Pourquoi les directeurs supply chain ont-ils intérêt à être en avance sur ce sujet ?

Lorsque cette évolution sera avérée, tous les investissements vont devenir plus attractifs. Les entreprises veulent-elles être en position de suiveur sur ce sujet dans un contexte plus tendu ou être à l’avant-garde ? En restant en dessous de 100 euros la tonne ou sans utiliser ce facteur, peu de projets projet se font, il faut plus collaborer avec les parties prenantes - fournisseurs ou clients - et tirer les coûts. Cela étant posé, une entreprise mieux-disante par rapport à une grille CSRD sur des enjeux environnementaux aura plus de facilité à justifier ses investissements auprès des investisseurs.

L’équipement en question sera encore utilisé lorsque le prix de la tonne de carbone aura augmenté

Pour quel type de projets cette démarche vaut-elle la peine d’être adoptée ?

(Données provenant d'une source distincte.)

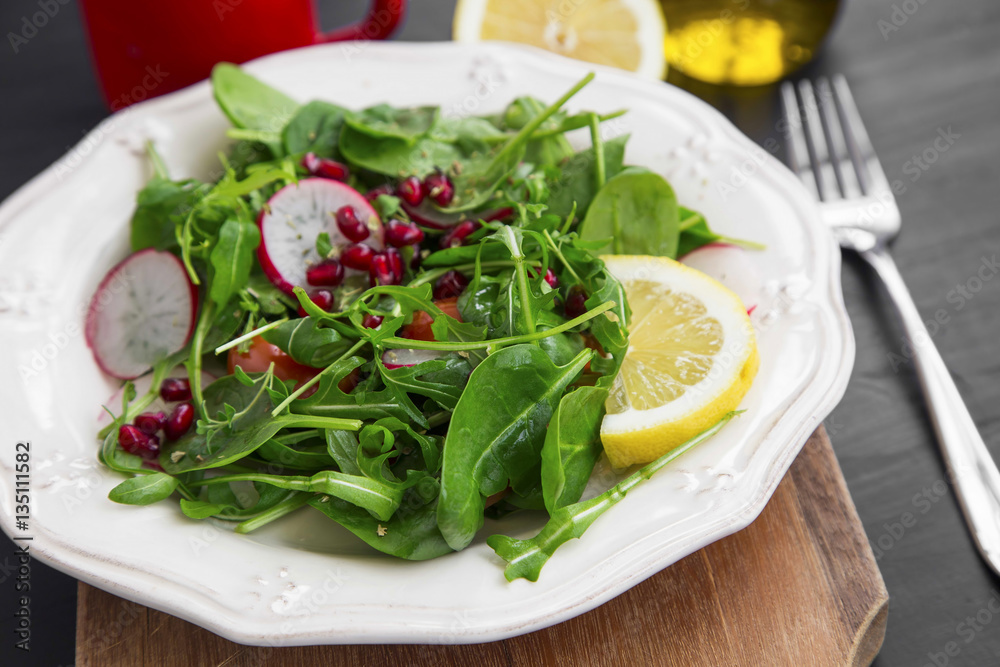 Healthy salad with baby spinach, pomegranate and rucola seasoned Healthy salad with baby spinach, pomegranate and rucola seasoned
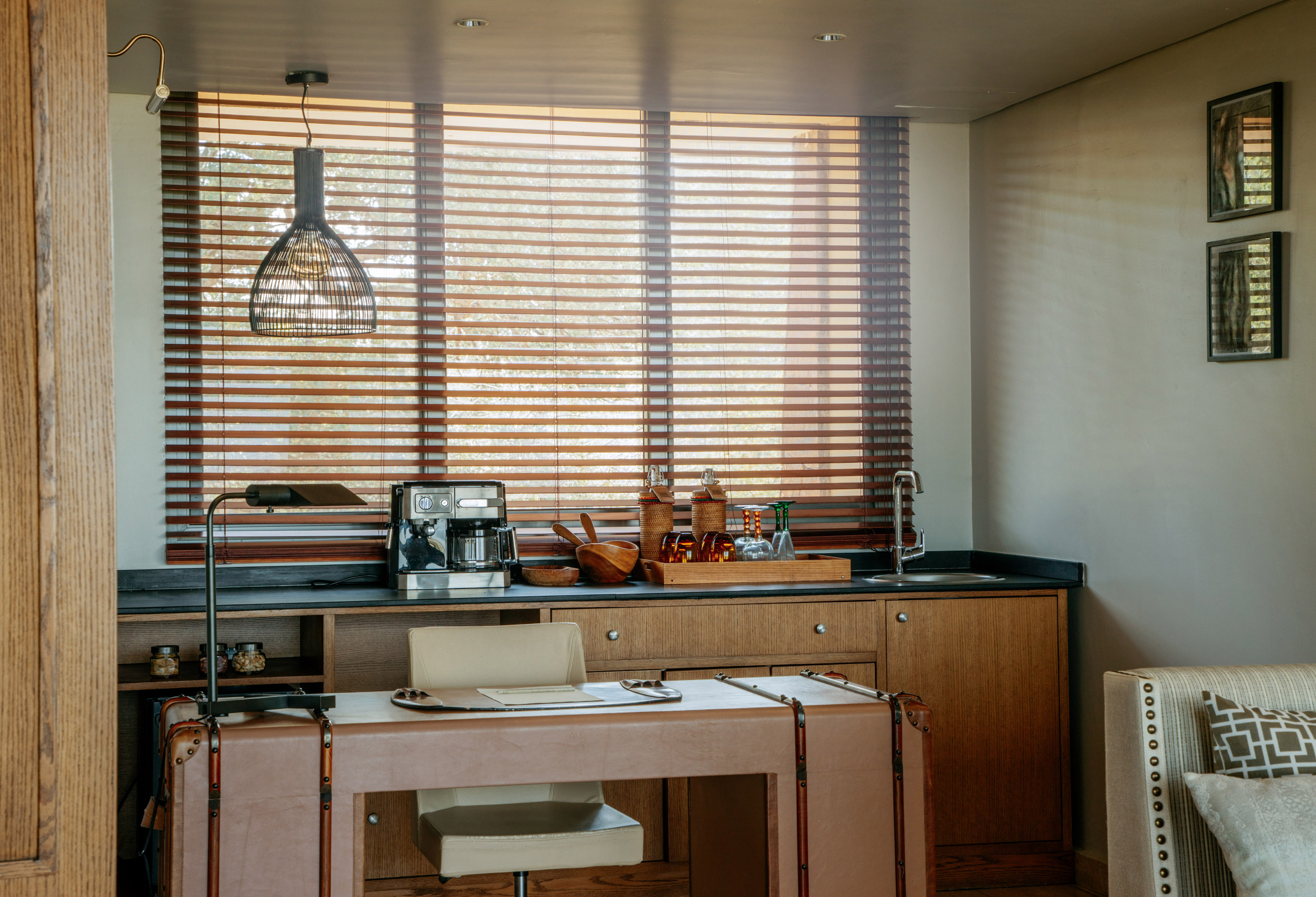 Contemporary hotel room coffee station and desk with wooden blinds.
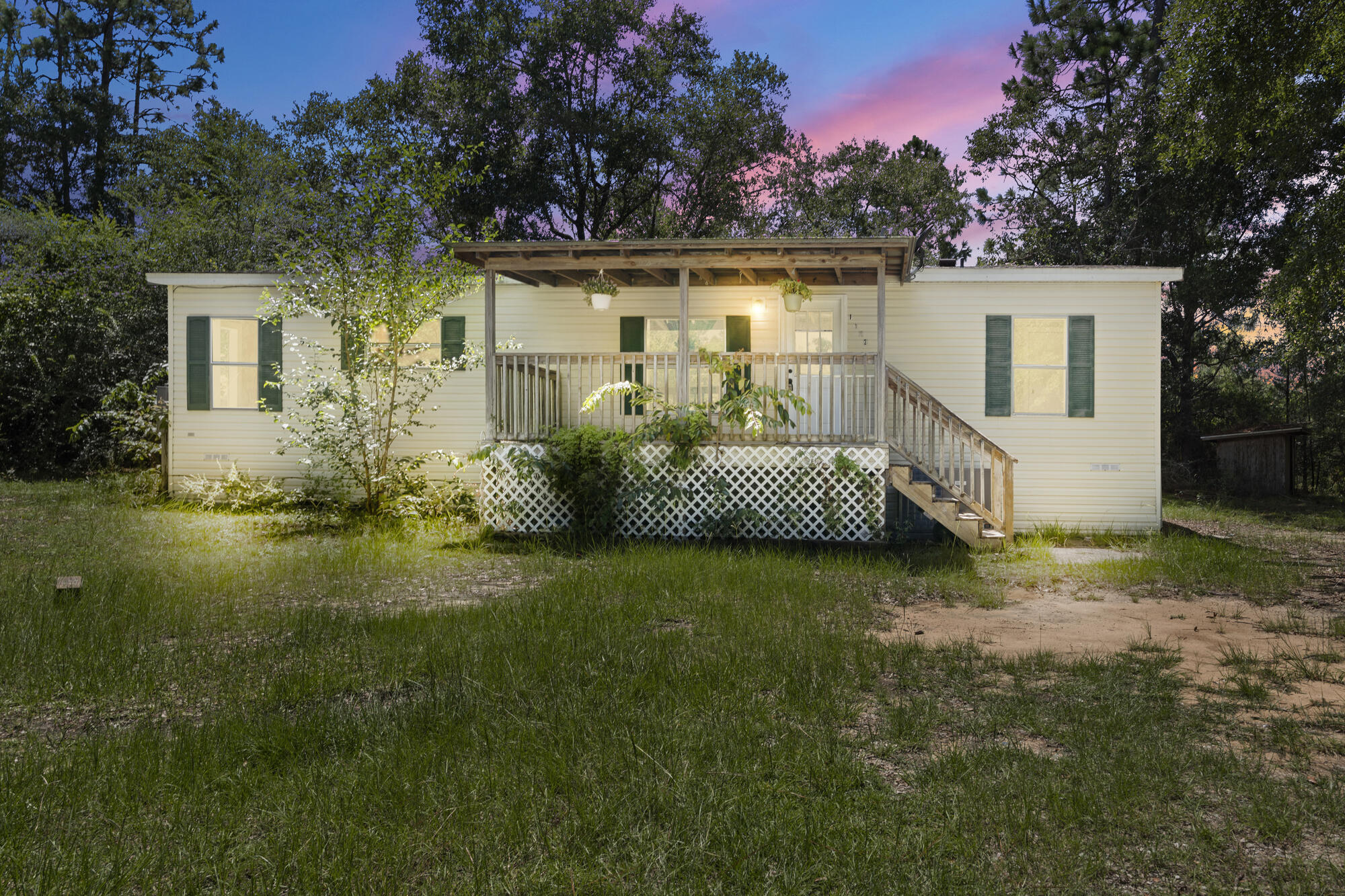 Charming Home on 2.75 Acres - Prime Location Close to TownThis beautiful 3-bedroom, 2-bath home is nestled on 2.75 peaceful acres and located less than 2 miles from the center of town. Enjoy the tranquility of country living with the convenience of nearby amenities.The property features a spacious covered front porch and a large covered back porch--perfect for relaxing or entertaining. Recent updates include: Brand new AC (2025) Fresh interior paint Roof replaced in 2020 Multiple utility/storage buildingsThis is a wonderful opportunity to own a well-maintained home in a quiet, desirable location. If you're looking for space, privacy, and convenience, this property has it all!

Ce sont souvent des projets d’investissement assez lourds dans des outils de process qui ont trait à la consommation d’énergie. Dans ce cas, la question ne se pose pas, puisque l’équipement en question sera encore utilisé lorsque le prix de la tonne de carbone aura augmenté. Pour des investissements dans des véhicules aux motorisations alternatives dont la durée de vie est plus incertaine, notre proposition est peut-être plus audacieuse. Mais cela permet de ne pas sacrifier sur l’autel du seul coût à la tonne transportée des transporteurs verts dont les solutions ne manqueront pas de s’imposer. Je pense en particulier aux camions électriques. C’est aussi un moyen de remettre en question des sourcing lointains, en mettant en évidence le coût des externalités négatives (CO2 valorisé en euro).